Mi padre, Dietrich Berger, tardó un tiempo en dirigirle la palabra a la joven patinadora. Le bastaba con ir todas las tardes hasta las orillas del Lahn y observarla. Él era el menor de cuatro hijos y, en aquel entonces, aún vivía en casa de su madre. Dado que su hermano mayor ya se había ido de casa y que su madre era viuda, el papel de cabeza de familia había recaído en él. Pero lo asumía con valentía. Aquella responsabilidad no le pesaba demasiado debido, tal vez, al hecho de que probablemente jamás se le hubiera ocurrido cuestionarla. Sus hermanas se burlaban, protestaban y se reían de él cuando salían por la noche y mi padre les decía la hora a la que tenían que estar en casa, aunque, en el fondo, estaban encantadas de que se hubiera hecho cargo de la familia.
A la madre de mi padre apenas la conocí. Había muerto cuando yo aún era muy pequeña y tan solo recordaba su falda de lana recia y sus enaguas de tafetán, que producían un sonido melodioso al rozar sobre sus pantis. Una santa dulzura, decía de ella tía Inga. Mi madre, en cambio, veía las cosas de otra manera: decía que su suegra había desatendido el propio hogar de tanto matarse a trabajar para otras familias. Su casa no estaba bien atendida, casi nunca cocinaba, por no hablar de los hijos, de quienes se habría podido ocupar un poco más. Mi padre era muy puntilloso, amaba el orden sistemático, la disposición racional de las cosas basada en la economía de movimiento y la limpieza eficiente. El caos le causaba un dolor físico y, por ello, casi todas las noches ponía orden en el desorden dejado por su madre. Gracia, donaire y sentido del humor no eran parte de la herencia que la madre, en su tierna santidad, les había dejado a sus cuatro hijos. Mi padre aprendió a divertirse —y a divertir a los demás— más tarde, gracias a mi madre, mucho después de que por fin se decidiera a dirigirle la palabra, hacia el final de la temporada de patinaje en Marburgo.
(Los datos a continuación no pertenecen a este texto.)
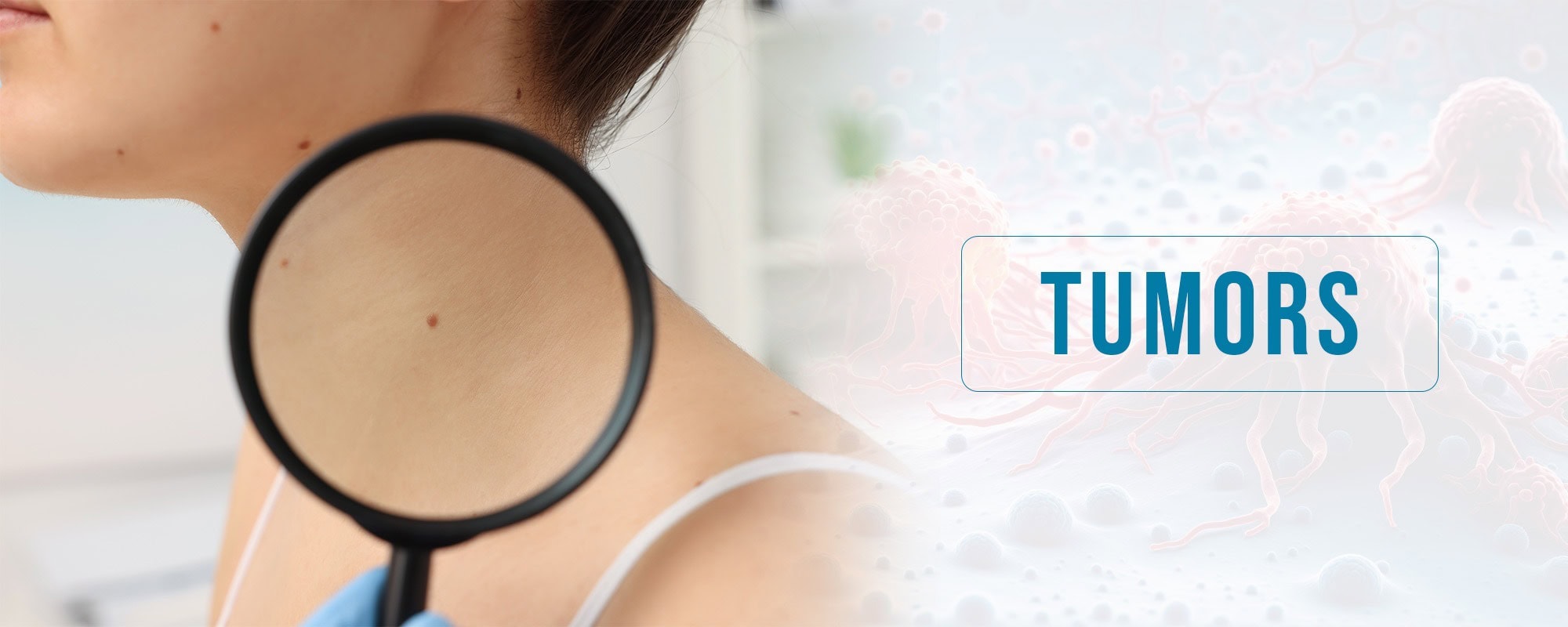 Homeopathy treatment for tumors at Dr. Care Homeopathy clinic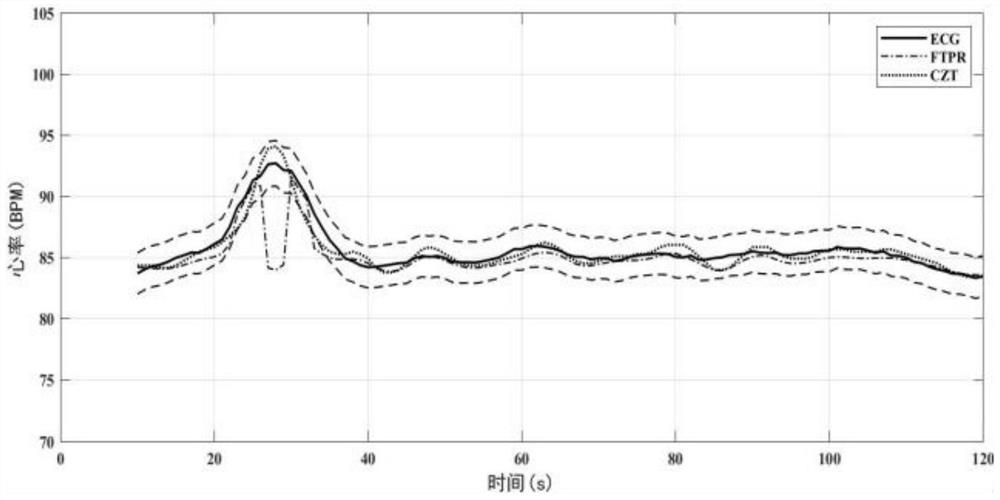 Non-contact accurate heart rate detection method based on 77GHz millimeter wave radar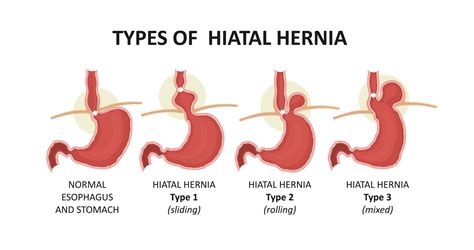 Hiatal Hernia After Gastric Bypass What It Is Complications Options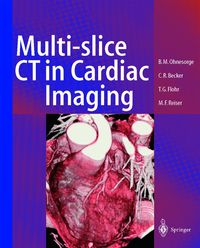 Produktbild: Multi-slice CT in Cardiac Imaging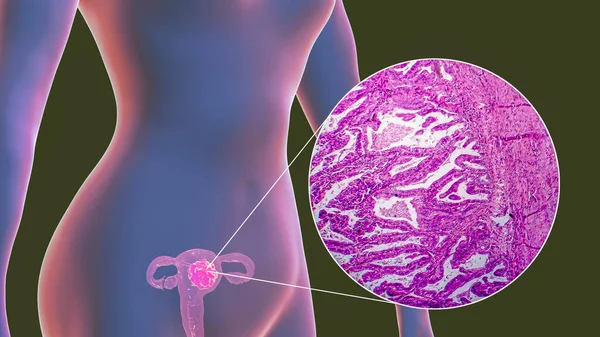 Câncer Uterino Ilustração Micrografia Luz Mostrando Tumor Maligno Útero Feminino — Fotografia de Stock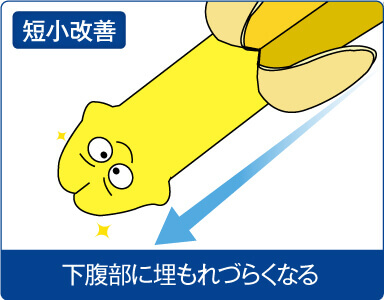 短小ペニスの改善イメージ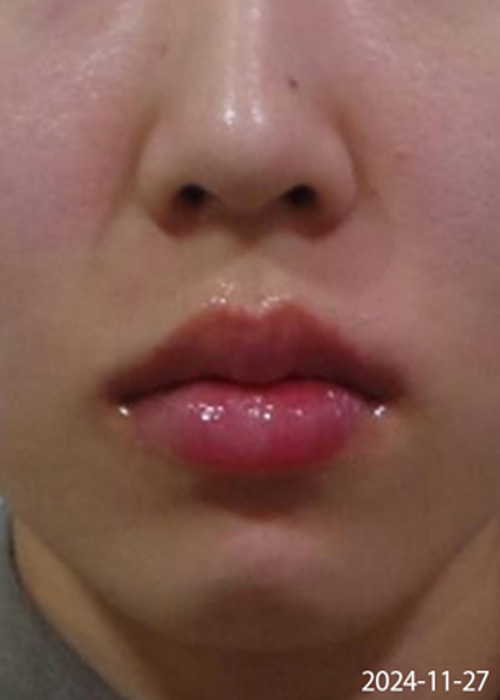 After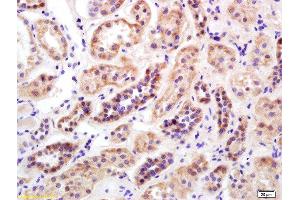 Formalin-fixed and paraffin embedded human kidney labeled with Rabbit Anti Mitofusin 2/MFN2 Polyclonal Antibody, Unconjugated  at 1:200 followed by conjugation to the secondary antibody and DAB staining (MFN2 Antikörper  (AA 1-120))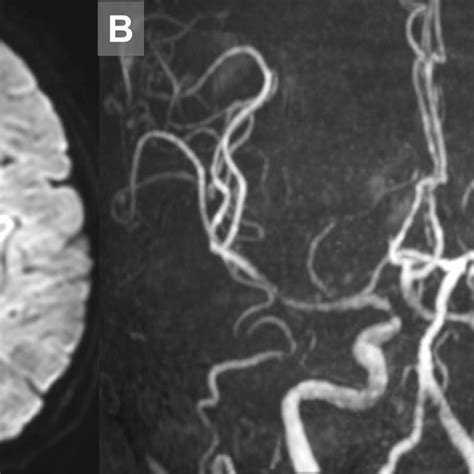 Postprocedural Image A And B Magnetic Resonance Imaging Performed On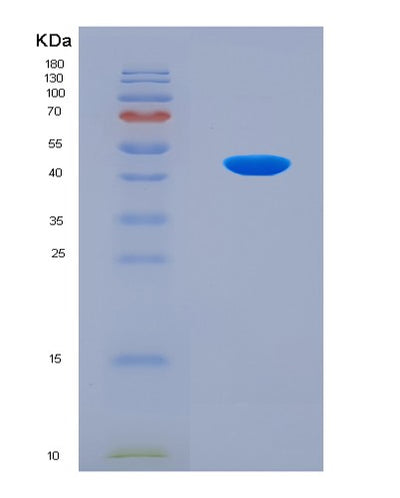 SDS-PAGE analysis of Human DMKN (Dermokine) - Recombinant Protein, CAT# BLT-08571P showing >90% purity under 15% SDS-PAGE (Reduced)Human DMKN (Dermokine) - Recombinant Protein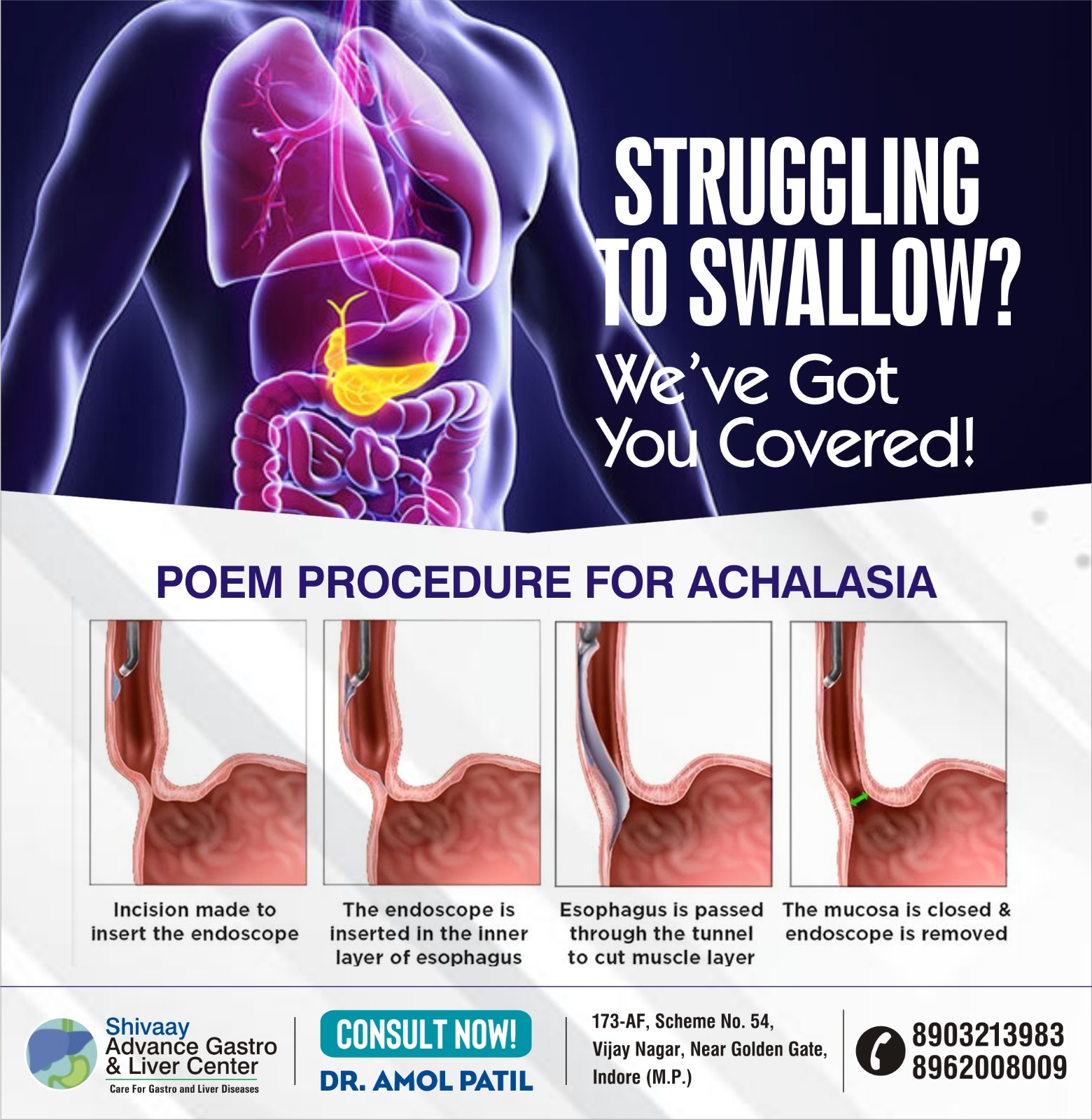 POEM Specialist in Indore 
Cuando el hielo empezó a perder brillo y comenzaban a formarse charcos debajo de los puentes, mi padre hizo de tripas corazón y, tras quince días de giros y piruetas, se presentó formalmente diciendo: «El coeficiente de rozamiento entre los patines y el hielo es de un promedio 0,01, sin que importe el peso del patinador. ¿No es algo sorprendente?».
Christa se puso colorada y vio que las esquirlas de hielo en los dientes de sierra de sus patines se estaban derritiendo y goteaban como lágrimas de metal reluciente. No, no lo sabía, y sí, aquello era, en efecto, muy sorprendente. Ambos enmudecieron hasta que, después de una larga, larguísima pausa, Christa le preguntó que quién le había dado una información tan precisa de todo aquello. El respondió con rapidez y se ofreció a enseñarle un día el Instituto de Física donde había un aparato para producir hielo seco. «Con mucho gusto», respondió Christa sin levantar los ojos, esforzándose por esbozar una sonrisa en aquel rostro teñido de rubor. Dietrich asintió y dijo: «Hasta pronto» y, muy aliviados, los dos se separaron a toda prisa.